Imagine passing Octave Fontenot’s grocery store at the intersection of Hwys. 103 and 104 in rural St. Landry Parish, Prairie Ronde community, Louisiana, in 1964. I bet the place looked the same then as it does now, minus the rust on the Coca Cola signs.
Anybody want a Nehi grape soda? A vanilla or chocolate moon pie? A pound of Mello Joy coffee and a link of boudin and a bag of salty gratons (i. e., “cracklin’s)? This would have the place to purchase those commodities.
I’ve passed Octave Fontenot’s grocery off and on for about ten years now when I have business in that remote part of the Parish, and in all those years I’ve never sensed that the place is open for business any more. (A sign on the door says “Closed.”) Perhaps someone lives in the back of the store?
I’m always struck, nonetheless, how the place is preserved as a treasure of bygone days.
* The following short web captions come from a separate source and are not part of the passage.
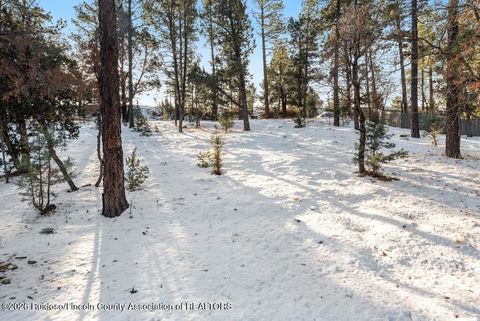 Vacant Land For Sale - 215 Midiron Drive<br/> Alto, NM 88312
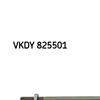 SKF Tie Track Rod Axle Joint VKDY 825501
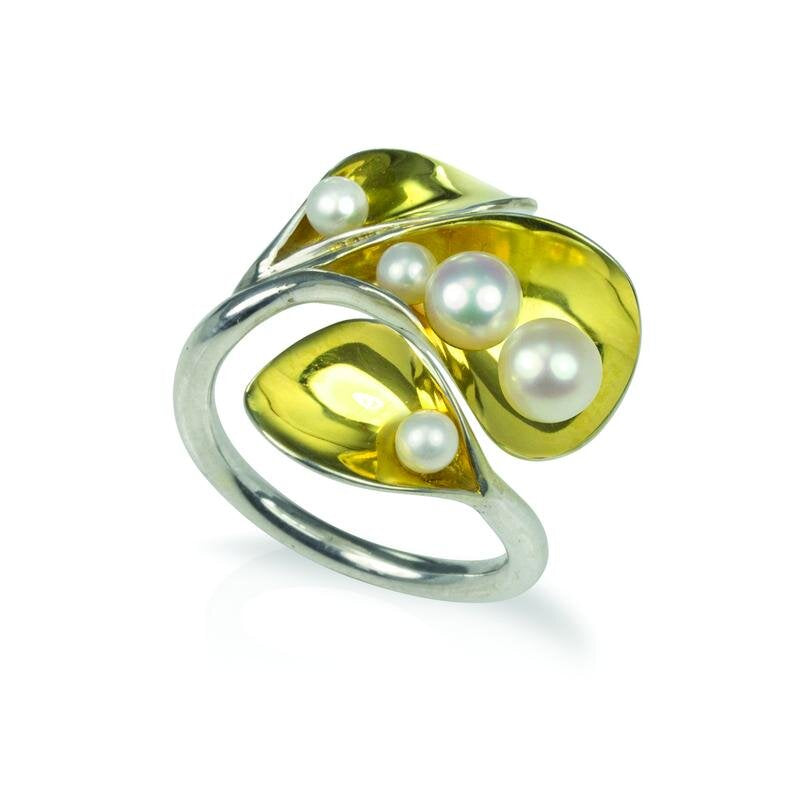 calla-lily-ring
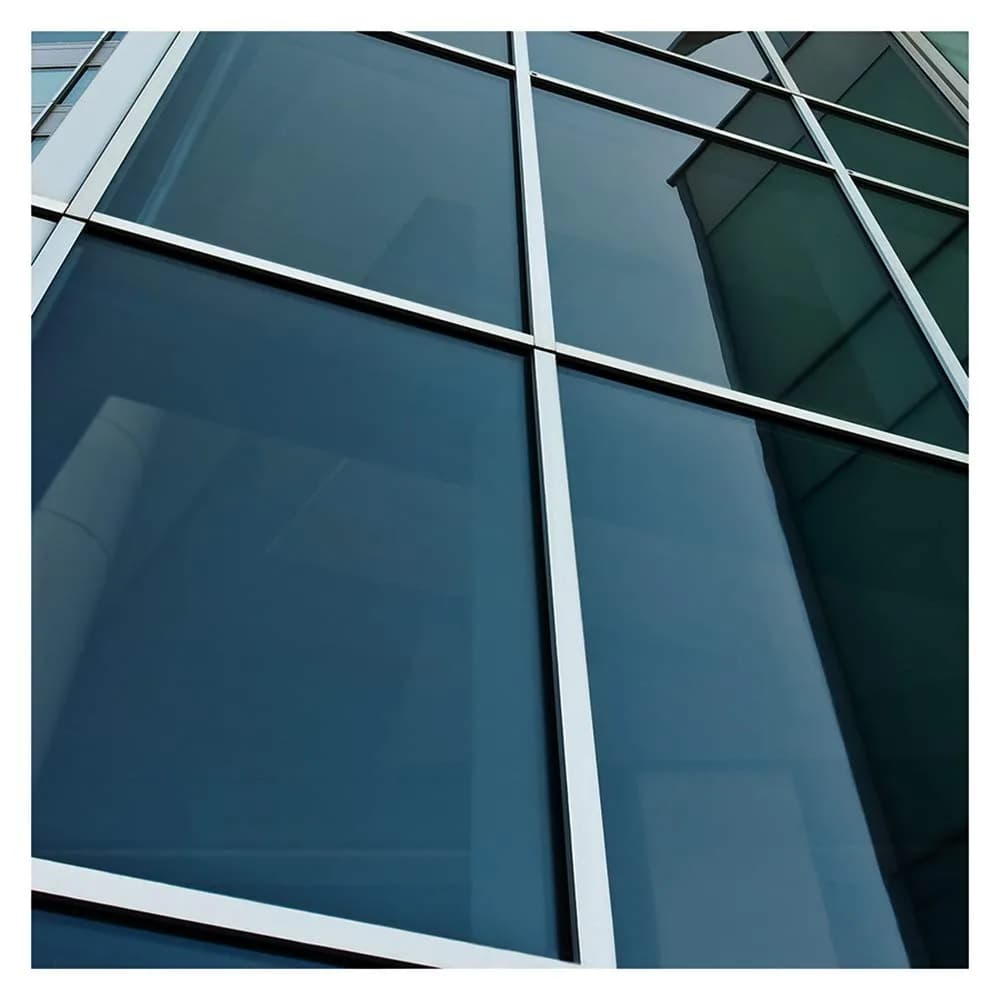 Buydecorativefilm Window Film Sun Control and Heat Rejection Natural Black 35 | UV & Heat Rejection (70-120 chars)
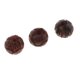 thumbnail image 3 of 10 piezas de madera con agujero bolas de madera de madera 8mm, 3 of 6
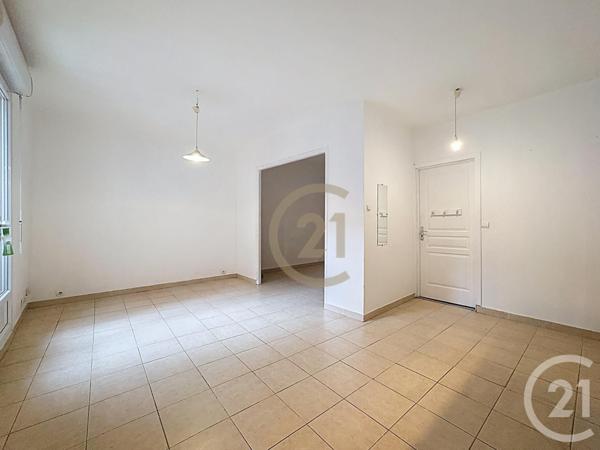 Appartement F2 Bis à vendre  2 pièces - 60,15 m2 SETE - 34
Situated at this lonely Cajun country crossroads, the store poses a picturesque remembrance of the past.
I grew up in another part of rural Louisiana, where we had country stores like Barker’s and Allison’s and Galloway’s. I suppose Octave Fontenot’s reminds me of those wayside groceries from childhood. Those places saved Mom from a trip to town if she ran out of milk or washing powder or sugar during the week.
I took these pictures today. Vive les memoires d’Octave Fontenot!